Gluten-free processed food is expensive.
There’s a difference.

Most of what I eat is naturally gluten free. Dinner last night was shelled edamame, cucumber, homemade air-fryer chicken nuggets, crispy rice, avocado, and a sauce made with sweet chili sauce, mayonnaise, gluten-free soy sauce, and a little water.

The only specialty items I bought were gluten-free panko, soy sauce, and sweet chili sauce. Everything else was naturally gluten free. The whole meal took under 30 minutes and probably cost less than $2.50 a serving.

Now — I also bought a gluten-free frozen pizza this week that cost three times more than a questionable gluten pizza. So yes, I buy processed gluten-free foods too. I just don’t build my entire diet around them.

Second — I cannot fix food insecurity, especially in the celiac community.

Food insecurity is real and awful. In Atlanta, about 1 in 5 school-aged children experience it. In a country as wealthy as ours, kids going to bed hungry should bother all of us.

I advocate, volunteer, donate, and when I meet with food organizations, I push hard for awareness of food allergies. I do my part. But I don’t live every part of my life online, and I don’t have to defend my entire existence because someone wants an argument in a comment section.

Third — disagreement is fine. Cruelty is not.

We don’t talk enough about what living gluten free actually looks like in a modern world. It’s complicated. It can be isolating. It can be exhausting.
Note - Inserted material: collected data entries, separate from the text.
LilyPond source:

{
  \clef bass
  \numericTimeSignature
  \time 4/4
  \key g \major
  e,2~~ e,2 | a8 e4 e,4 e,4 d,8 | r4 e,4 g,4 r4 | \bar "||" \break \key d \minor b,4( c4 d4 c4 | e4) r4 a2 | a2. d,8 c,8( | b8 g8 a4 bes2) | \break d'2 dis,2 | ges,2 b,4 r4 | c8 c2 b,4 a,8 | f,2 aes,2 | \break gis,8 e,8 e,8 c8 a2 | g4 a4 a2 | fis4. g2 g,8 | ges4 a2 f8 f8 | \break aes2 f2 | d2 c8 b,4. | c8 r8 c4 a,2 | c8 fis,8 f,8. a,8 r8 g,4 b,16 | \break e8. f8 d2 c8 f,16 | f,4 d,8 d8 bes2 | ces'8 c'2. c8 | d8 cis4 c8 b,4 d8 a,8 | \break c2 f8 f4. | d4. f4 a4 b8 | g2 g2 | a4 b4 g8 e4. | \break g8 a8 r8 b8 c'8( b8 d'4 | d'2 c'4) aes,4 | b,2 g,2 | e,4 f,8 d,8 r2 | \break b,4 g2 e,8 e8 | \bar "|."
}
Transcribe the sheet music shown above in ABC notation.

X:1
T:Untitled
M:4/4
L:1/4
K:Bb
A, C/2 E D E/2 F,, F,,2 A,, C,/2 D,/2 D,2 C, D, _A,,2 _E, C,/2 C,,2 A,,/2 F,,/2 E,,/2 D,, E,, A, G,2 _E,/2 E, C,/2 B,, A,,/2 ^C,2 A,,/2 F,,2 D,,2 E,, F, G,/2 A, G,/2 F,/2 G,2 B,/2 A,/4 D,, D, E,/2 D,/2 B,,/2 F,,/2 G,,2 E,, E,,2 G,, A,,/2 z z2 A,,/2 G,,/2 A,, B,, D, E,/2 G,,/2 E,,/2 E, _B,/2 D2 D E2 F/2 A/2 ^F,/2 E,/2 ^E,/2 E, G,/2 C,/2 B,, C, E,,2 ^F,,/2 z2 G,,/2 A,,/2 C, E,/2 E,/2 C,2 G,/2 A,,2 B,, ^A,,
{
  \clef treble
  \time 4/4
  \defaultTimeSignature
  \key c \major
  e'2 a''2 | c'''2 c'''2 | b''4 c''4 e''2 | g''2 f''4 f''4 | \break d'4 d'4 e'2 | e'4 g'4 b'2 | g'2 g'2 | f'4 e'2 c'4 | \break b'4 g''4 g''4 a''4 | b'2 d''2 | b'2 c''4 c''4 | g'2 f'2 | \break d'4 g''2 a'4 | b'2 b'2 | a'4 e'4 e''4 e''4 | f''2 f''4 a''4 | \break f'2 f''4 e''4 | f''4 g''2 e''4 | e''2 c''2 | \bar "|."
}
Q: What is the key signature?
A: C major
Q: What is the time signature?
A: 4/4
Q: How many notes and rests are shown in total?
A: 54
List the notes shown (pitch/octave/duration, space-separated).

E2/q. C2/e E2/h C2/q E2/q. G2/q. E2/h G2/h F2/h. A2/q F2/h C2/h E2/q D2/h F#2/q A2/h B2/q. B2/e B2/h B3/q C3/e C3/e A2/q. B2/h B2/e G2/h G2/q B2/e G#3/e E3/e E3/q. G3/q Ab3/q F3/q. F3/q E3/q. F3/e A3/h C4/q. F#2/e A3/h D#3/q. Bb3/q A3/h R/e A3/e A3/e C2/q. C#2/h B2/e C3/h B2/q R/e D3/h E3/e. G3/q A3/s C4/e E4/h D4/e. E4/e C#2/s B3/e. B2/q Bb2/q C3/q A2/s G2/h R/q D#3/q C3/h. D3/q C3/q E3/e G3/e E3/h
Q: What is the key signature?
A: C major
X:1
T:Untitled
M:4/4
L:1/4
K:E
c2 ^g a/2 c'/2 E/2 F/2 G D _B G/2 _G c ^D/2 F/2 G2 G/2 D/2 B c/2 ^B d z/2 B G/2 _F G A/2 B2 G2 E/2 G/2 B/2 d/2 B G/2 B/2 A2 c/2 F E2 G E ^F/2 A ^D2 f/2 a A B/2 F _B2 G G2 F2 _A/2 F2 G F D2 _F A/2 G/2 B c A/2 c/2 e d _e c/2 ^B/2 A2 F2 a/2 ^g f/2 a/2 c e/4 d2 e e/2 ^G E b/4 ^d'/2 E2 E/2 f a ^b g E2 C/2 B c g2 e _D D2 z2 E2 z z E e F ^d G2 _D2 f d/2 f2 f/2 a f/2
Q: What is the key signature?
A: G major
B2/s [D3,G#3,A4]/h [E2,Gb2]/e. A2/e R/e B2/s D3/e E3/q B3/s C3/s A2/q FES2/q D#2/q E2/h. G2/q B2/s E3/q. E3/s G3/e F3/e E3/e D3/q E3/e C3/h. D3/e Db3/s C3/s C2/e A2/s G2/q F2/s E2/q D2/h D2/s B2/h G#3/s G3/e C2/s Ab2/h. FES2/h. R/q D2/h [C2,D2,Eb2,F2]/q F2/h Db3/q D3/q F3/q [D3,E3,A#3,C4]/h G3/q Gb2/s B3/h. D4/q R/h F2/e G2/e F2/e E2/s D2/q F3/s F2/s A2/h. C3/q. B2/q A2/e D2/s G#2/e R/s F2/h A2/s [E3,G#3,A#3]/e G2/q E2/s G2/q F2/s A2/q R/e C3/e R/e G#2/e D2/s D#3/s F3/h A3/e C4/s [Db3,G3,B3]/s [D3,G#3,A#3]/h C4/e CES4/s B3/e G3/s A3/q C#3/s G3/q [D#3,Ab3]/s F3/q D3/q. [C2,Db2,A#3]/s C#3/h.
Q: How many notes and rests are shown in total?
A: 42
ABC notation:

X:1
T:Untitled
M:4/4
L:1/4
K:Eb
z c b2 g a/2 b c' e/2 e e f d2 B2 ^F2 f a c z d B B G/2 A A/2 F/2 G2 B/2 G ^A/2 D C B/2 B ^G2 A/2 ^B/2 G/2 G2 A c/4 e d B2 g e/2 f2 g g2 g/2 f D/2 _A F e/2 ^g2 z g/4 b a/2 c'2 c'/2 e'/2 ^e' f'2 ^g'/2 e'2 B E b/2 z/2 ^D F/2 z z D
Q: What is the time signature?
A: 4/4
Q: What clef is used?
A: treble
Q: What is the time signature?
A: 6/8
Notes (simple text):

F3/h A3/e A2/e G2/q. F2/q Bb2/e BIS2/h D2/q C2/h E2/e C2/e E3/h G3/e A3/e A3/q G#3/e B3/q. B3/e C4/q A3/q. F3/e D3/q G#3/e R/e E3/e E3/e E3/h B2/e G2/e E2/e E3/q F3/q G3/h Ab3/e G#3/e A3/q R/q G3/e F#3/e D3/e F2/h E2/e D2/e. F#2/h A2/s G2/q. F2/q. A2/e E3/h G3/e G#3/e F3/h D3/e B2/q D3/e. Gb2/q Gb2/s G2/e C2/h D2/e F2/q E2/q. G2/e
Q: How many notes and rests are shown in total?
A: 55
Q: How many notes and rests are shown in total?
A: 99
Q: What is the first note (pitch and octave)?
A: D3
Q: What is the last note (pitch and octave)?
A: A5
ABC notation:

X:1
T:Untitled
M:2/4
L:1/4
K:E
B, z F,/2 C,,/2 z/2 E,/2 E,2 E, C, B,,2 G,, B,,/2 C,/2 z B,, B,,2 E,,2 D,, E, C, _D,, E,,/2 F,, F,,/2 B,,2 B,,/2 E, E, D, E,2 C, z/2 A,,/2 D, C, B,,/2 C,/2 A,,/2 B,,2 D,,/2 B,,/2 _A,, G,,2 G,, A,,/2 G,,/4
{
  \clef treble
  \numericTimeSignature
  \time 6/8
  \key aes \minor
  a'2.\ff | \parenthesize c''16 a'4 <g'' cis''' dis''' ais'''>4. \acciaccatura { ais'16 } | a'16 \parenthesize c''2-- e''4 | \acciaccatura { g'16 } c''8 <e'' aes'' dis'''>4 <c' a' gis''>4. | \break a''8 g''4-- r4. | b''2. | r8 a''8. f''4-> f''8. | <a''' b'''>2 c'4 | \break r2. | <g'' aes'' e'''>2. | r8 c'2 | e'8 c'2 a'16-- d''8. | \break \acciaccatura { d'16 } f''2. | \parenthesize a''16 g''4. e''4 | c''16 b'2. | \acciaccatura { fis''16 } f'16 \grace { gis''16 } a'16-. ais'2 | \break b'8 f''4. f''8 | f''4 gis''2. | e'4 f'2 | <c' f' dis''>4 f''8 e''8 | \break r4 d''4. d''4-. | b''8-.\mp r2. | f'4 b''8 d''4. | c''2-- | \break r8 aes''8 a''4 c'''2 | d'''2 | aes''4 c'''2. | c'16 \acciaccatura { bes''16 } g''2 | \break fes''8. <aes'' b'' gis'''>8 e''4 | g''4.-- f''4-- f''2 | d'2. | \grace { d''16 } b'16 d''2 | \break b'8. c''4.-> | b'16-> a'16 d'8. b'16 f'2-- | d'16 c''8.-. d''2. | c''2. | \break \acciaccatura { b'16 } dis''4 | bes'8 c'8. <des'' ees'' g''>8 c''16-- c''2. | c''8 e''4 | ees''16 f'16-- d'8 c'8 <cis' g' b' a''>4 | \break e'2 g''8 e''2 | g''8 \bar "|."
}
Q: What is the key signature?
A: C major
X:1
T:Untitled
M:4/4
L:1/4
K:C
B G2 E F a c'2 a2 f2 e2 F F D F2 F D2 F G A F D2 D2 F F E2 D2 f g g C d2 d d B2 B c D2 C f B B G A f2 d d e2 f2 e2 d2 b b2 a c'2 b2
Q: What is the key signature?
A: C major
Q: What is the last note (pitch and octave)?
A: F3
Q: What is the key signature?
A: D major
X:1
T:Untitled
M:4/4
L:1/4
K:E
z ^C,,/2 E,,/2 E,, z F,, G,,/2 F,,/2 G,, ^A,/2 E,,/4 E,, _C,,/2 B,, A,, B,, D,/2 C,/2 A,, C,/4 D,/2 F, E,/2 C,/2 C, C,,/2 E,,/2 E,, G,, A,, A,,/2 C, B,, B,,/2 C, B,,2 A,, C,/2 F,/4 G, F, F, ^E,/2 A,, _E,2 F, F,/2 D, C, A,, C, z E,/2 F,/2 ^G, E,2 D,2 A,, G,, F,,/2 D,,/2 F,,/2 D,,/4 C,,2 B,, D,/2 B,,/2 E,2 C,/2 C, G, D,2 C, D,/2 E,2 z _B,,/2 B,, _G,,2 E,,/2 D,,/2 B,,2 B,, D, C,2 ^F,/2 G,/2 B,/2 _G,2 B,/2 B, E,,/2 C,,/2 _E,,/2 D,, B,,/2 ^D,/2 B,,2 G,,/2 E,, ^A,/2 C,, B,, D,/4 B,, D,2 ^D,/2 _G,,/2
We should be able to discuss it.

But name-calling, belittling, or intentionally inflammatory comments won’t stay up. And discussions claiming glyphosate caused celiac or that celiac disease isn’t real will get you removed. I’m not hosting that debate here.

And finally…

Yes, celiac disease can suck.
But the treatment is still a gluten-free diet.

I can spend my life miserable about it, or I can adapt.

I can learn to cook the foods I miss. I can find gluten-free versions of almost anything I want. Is it exactly the same as before? No.

But the longer you live this way, the less you actually miss it — and sometimes we remember old foods a lot more fondly than they really were.

So that’s what’s been on my mind today.

Thanks for letting me process out loud.